DIRECTIONS FOR THIS TASK
Repeat the stretch of entries below from the line with "Carpeted bedroom with" through the line with "Child holding a". Include both ends and add nothing.

RECORD EXTRACTS

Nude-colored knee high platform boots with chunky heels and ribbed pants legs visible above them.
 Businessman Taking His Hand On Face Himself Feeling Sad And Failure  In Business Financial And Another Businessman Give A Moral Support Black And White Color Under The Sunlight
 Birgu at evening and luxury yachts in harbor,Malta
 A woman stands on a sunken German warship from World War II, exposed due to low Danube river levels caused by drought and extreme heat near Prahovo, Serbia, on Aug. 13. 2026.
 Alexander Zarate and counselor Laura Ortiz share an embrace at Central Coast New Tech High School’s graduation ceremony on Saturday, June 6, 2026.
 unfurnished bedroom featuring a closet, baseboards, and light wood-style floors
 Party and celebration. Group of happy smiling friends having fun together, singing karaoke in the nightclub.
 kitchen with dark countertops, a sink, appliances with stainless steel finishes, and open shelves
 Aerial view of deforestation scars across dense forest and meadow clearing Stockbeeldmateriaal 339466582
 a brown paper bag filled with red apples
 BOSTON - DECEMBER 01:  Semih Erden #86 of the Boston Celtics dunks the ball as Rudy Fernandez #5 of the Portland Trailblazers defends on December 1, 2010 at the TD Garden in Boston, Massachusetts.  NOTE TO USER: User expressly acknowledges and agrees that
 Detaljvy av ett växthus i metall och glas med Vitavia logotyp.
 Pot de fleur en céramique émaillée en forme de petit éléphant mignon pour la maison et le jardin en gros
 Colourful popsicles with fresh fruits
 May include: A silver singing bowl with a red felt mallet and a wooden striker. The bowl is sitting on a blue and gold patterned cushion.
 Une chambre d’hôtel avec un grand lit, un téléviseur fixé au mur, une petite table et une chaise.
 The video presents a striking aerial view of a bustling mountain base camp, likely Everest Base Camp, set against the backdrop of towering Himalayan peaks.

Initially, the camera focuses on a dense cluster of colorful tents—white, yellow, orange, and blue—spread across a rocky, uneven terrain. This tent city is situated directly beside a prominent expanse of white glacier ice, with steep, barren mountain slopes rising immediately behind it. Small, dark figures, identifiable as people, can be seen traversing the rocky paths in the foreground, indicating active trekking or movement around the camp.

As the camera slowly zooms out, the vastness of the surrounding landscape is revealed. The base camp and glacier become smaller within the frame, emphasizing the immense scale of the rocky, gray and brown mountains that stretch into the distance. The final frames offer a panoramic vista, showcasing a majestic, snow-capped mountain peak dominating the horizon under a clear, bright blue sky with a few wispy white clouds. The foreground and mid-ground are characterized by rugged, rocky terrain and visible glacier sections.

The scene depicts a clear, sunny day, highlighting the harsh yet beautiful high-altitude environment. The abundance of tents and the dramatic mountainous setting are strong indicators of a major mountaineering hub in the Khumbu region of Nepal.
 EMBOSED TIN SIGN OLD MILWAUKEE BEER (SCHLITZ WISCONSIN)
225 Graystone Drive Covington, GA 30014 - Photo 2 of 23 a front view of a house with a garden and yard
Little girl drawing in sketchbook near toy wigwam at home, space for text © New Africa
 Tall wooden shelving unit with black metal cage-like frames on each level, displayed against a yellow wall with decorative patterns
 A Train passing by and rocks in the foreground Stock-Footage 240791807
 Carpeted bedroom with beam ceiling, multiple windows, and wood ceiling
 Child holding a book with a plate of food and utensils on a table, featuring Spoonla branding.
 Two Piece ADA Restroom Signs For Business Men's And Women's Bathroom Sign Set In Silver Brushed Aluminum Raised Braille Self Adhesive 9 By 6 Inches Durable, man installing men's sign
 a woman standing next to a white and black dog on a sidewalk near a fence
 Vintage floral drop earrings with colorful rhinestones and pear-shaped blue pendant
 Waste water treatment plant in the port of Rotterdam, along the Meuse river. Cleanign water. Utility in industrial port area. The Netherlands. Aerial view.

WRITTEN SOLUTION
 Carpeted bedroom with beam ceiling, multiple windows, and wood ceiling
 Child holding a book with a plate of food and utensils on a table, featuring Spoonla branding.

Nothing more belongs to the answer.